Le dessin est très beau. Ce sont surtout les couleurs qui m'ont plu. Les femmes de Manara sont toujours les mêmes, sublimes. Elles sentent. Je ne sais comment dire. Je les sais grâce à son dessin, elles sont en chair, malgré certaines poses un peu factices. La plupart du temps, elles sont vrai. Au moins j'y crois. Non, ce qui change par rapport à son travail précédent, c'est vraiment cette colorisation, parfois éclatante, parfois aquarelisante, si je puis dire, mais tellement dans l'idée que je me fais des couleurs vives de cette époque. On voit que le dessinateur a pris son pied à recréer le vieille Rome, les détails domestiques ou publiques. Il y a certaines cases qui sont hallucinantes de beauté.
Nouvelle critique :
Je ne connais pas assez l’histoire papale médiévale pour juger de l’historicité réelle du récit. Je suppose que l’épice prévaut sur la réalité, la couleur et le contraste sur le fade et le flou. Aussi le récit privilégie-t-il les excès, une gourmandise dans la violence et le grotesque. Les décors et le contexte paraissent réalistes mais on n’est pas non plus dans le réalisme poétique et politique de Pasolini.

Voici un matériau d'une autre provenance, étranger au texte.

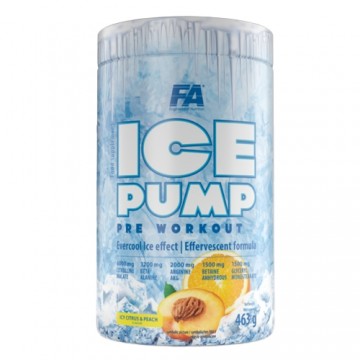 FITNESS AUTHORITY Ice Pump - 463g Šaldantys citrusiniai vaisiai su persikais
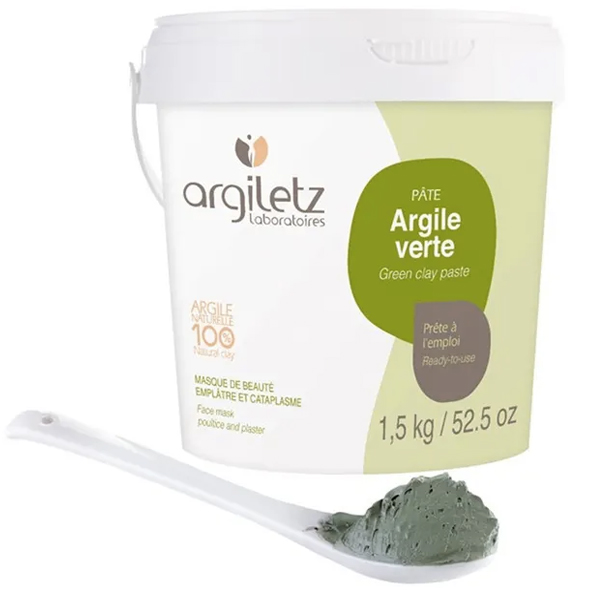 Arcilla Verde En Pasta 1,5Kg.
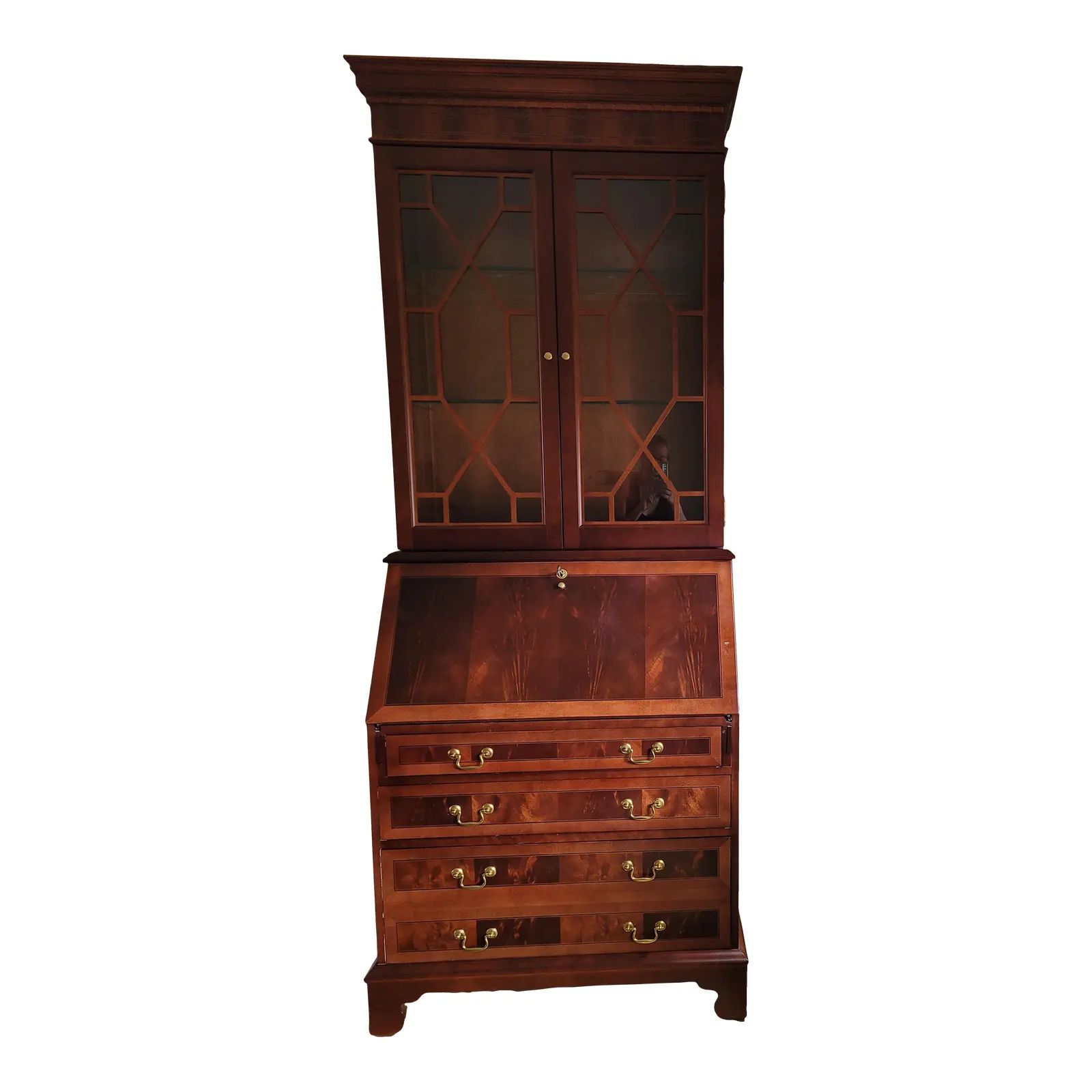 Jasper Mahogany Secretary Desk | Chairish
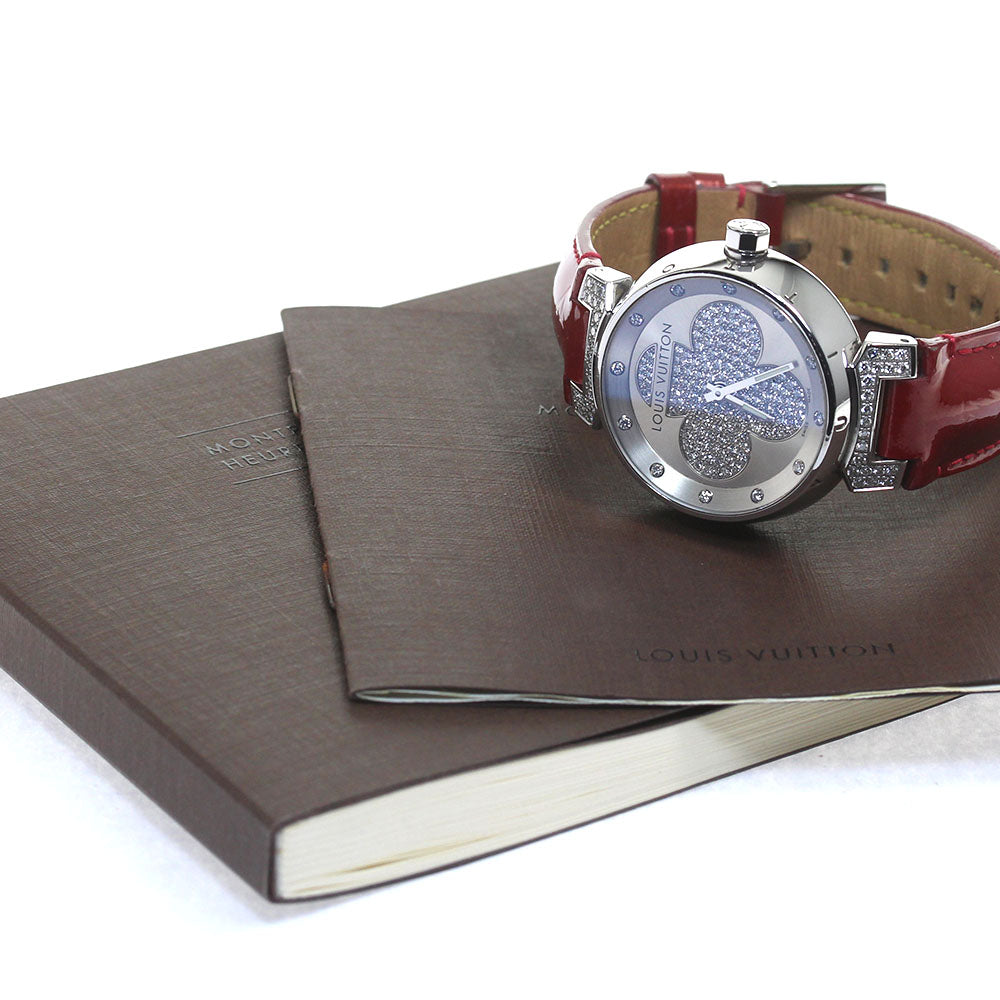 LOUIS VUITTON Q131P Tambour Forever Diamond Quartz Women's Watch with Warranty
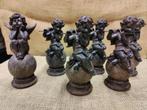 Kerst 6 Bronzen Engelen en 1 witte Engel op bol  Nieuw 21 cm, Ophalen of Verzenden, Nieuw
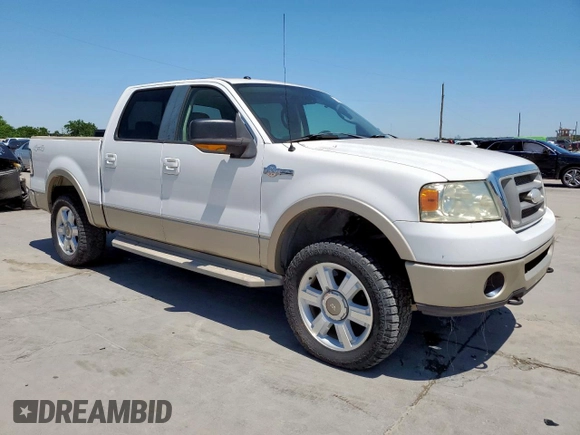 2008 Ford F-150 XLT с VIN 1FTPW14V48KB54512, выставлен на аукционе Copart как лот 54163695 с пробегом 204 914 миль миль и Списание • Salvage title. История ставок и продаж доступна на DreamBid. Изображение 4.
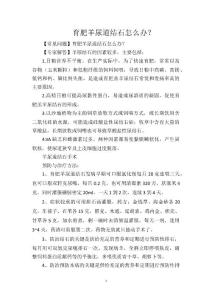 育肥羊尿道结石怎么办？
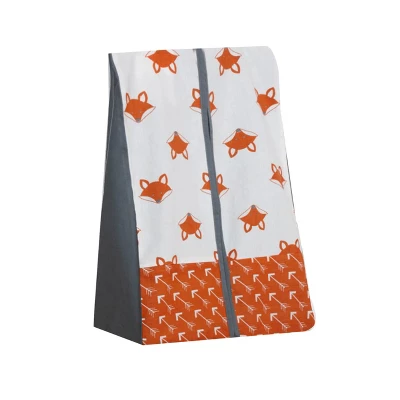 Bacati - Playful Fox Orange Gray 10 Pc Crib Bedding Set With Long Rail Guard Cover 9 Bacati - Playful Fox Orange Gray 10 Pc Crib Bedding Set With Long Rail Guard Cover - Image 7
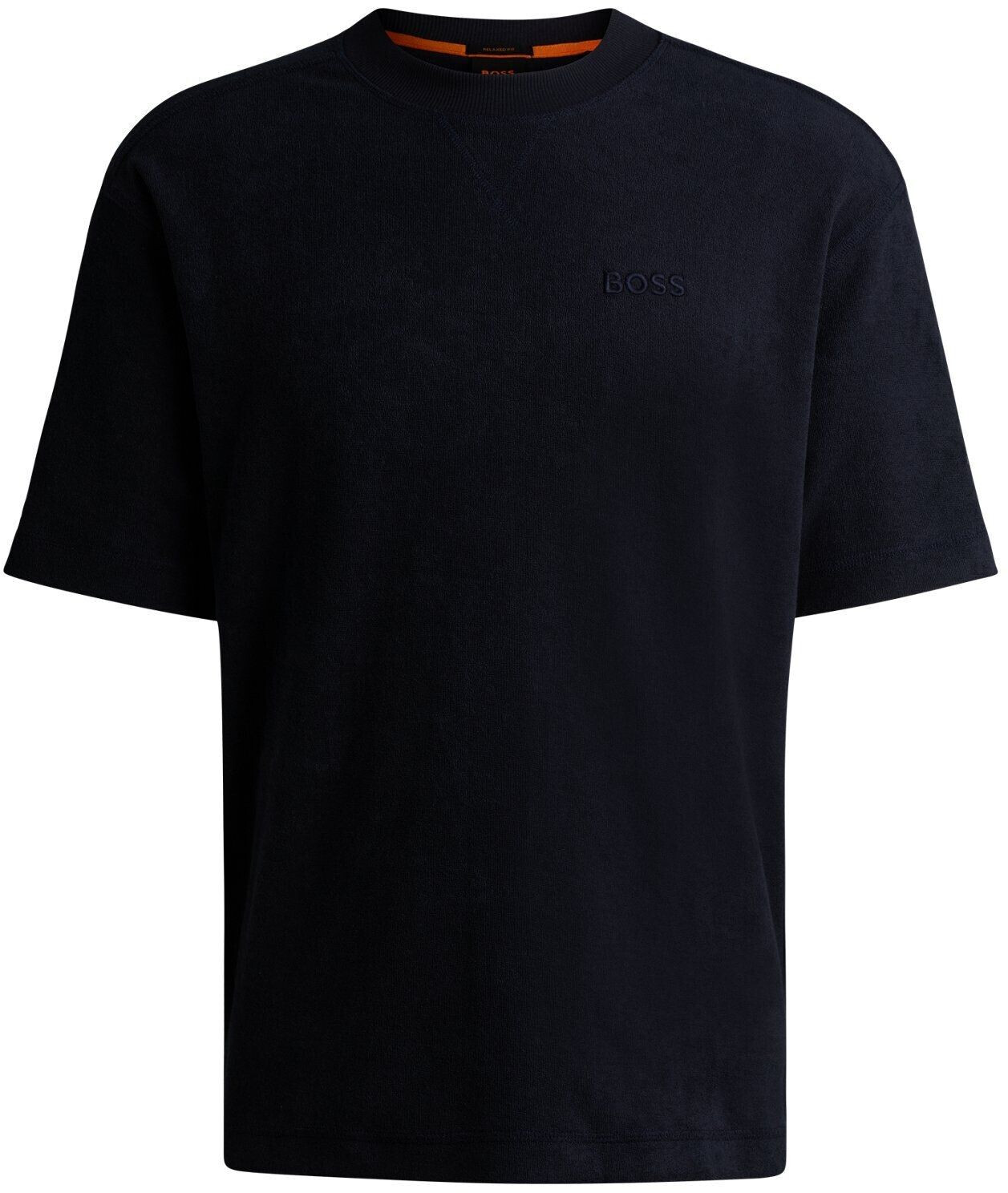 Hugo Boss Relaxed-fit cotton terry T-shirt with logo detail (50511084) blue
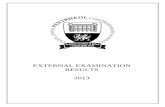 EXTERNAL EXAMINATION RESULTSpenyrheol-comp.net › wp-content › uploads › 2014 › 03 › Examination… · G.C.S.E. EXAMINATION RESULTS – English Number Gaining Grade % of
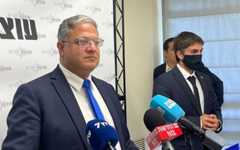 National Security Minister Itamar Ben Gvir speaks at a Knesset faction meeting in the Knesset on October 20, 2025 (Sam Sokol/ Times of Israel)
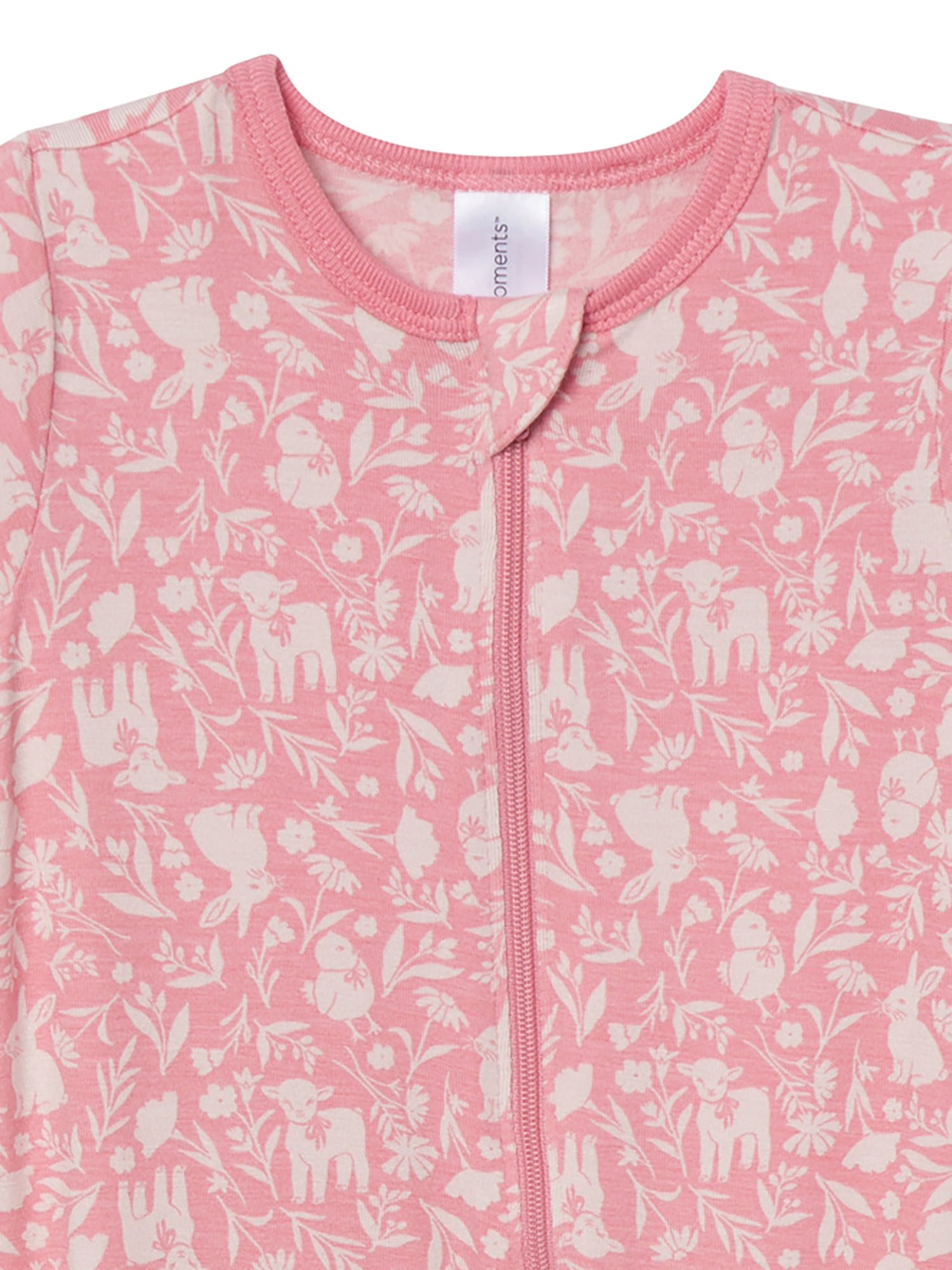 Modern Moments by Gerber Baby Neutral Viscose Easter Two-Way Zip Sleep 'N Play Footed Pajamas, Sizes Newborn - 6/9 Months
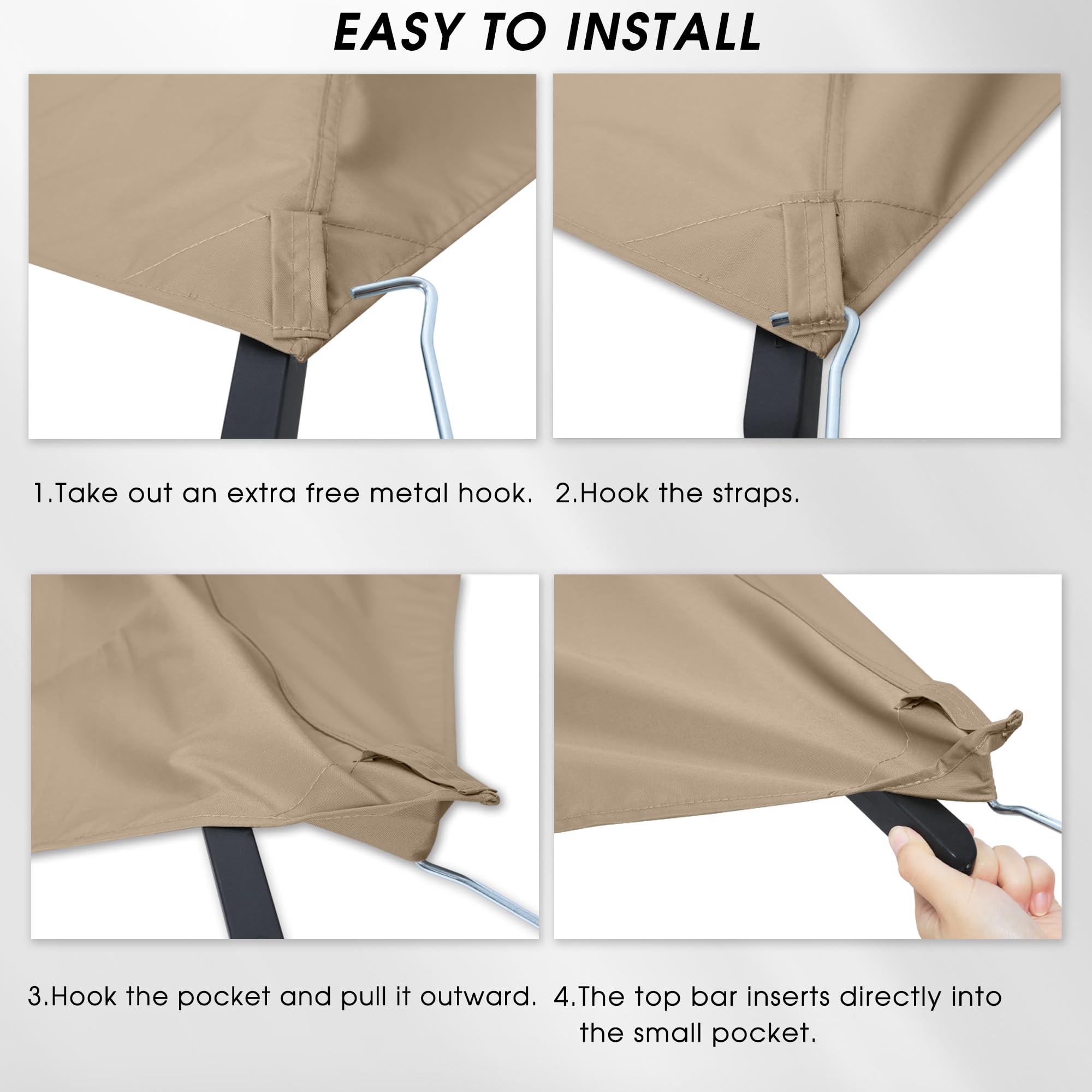 MASTERCANOPY replacement canopy fabric packaging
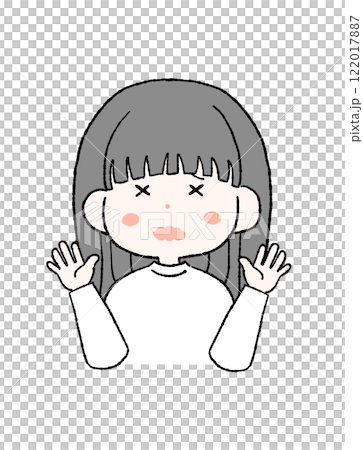 Illustration of a damaged woman Illustration of a damaged woman 122017887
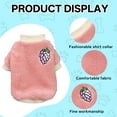 thumbnail image 3 of TELOLY Kitten Clothes,Polyester Boy Dog Clothes for 1.10-2.20 Lbs for Cats and Dogs,Autumn and Winter Warm Grapes Dog Sweaters for Small Dogs Girl,Pink,Xs, 3 of 6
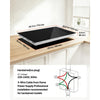 VEVOR Electric Cooktop 30inch 4 Burners Stove Top 6700W 220V No Plug, Ceramic Built-in Radiant Electric Stove , with 11 Power Levels, Timer, Child Lock, Over-Heat Guard, Knob/Touch Control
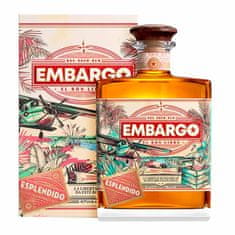 Les Bienheureux Rum Embargo Añejo Esplendido, darčekové balenie 0,7 l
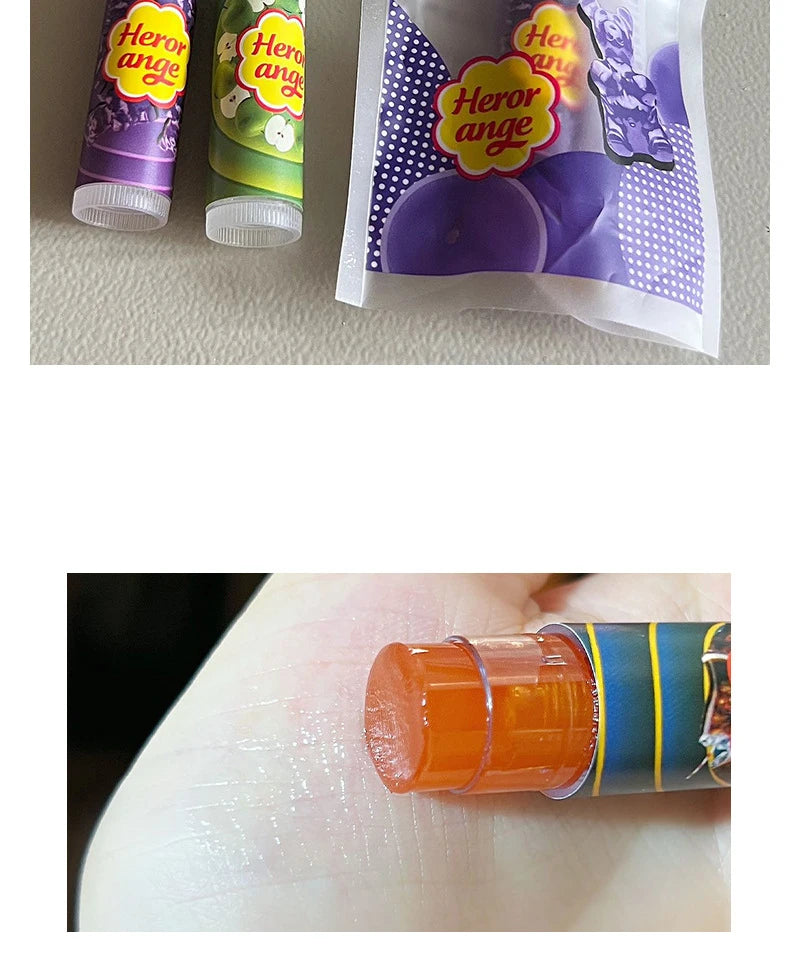 Fruit Moisturizing Lip Balm Grapes Makeup Jelly Lighten Lines Plump Lip Care Lip Tint Nude Lipstick Primer Colorless Lip Care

On se retrouve bien entendu dans un monde opulent, bruyant, avec des dynamiques internes promptes à l’agitation, comme sait les inventer le génial Jodorowsky.
Toutefois, les thématiques comme les méandre de l’histoire sont caractéristiques de la bande dessinée de Manara, avec ses nombreux virages, son outrance dans les traits, jumelée à une finesse d’exécution dans le graphisme et puis un soin particulièrement précis à la description qui finit par produire une esthétique à nulle autre pareille.
Si bien que ces deux créateurs sont d’évidence faits pour s’entendre : il y a une espèce d’ heureuse concomitance de styles et de visions. Ce premier tome alors spectaculaire est largement à la hauteur de mes espérances.
La mise en forme, dans les grands cadres, très cinématographiques pour le coup, jusque dans la couleur et l’image picturale qui en résulte, donne à l’ensemble fière allure. De la belle ouvrage ! Il s’en dégage un sentiment de grande sérénité dans le fond comme la forme. Le trait est sûr, tout en efficacité. J’aime beaucoup.
Et puis, quel plaisir d’admirer le dessin de Milo Manara… je ne m’en lasserai jamais ! Hâte de passer à la suite.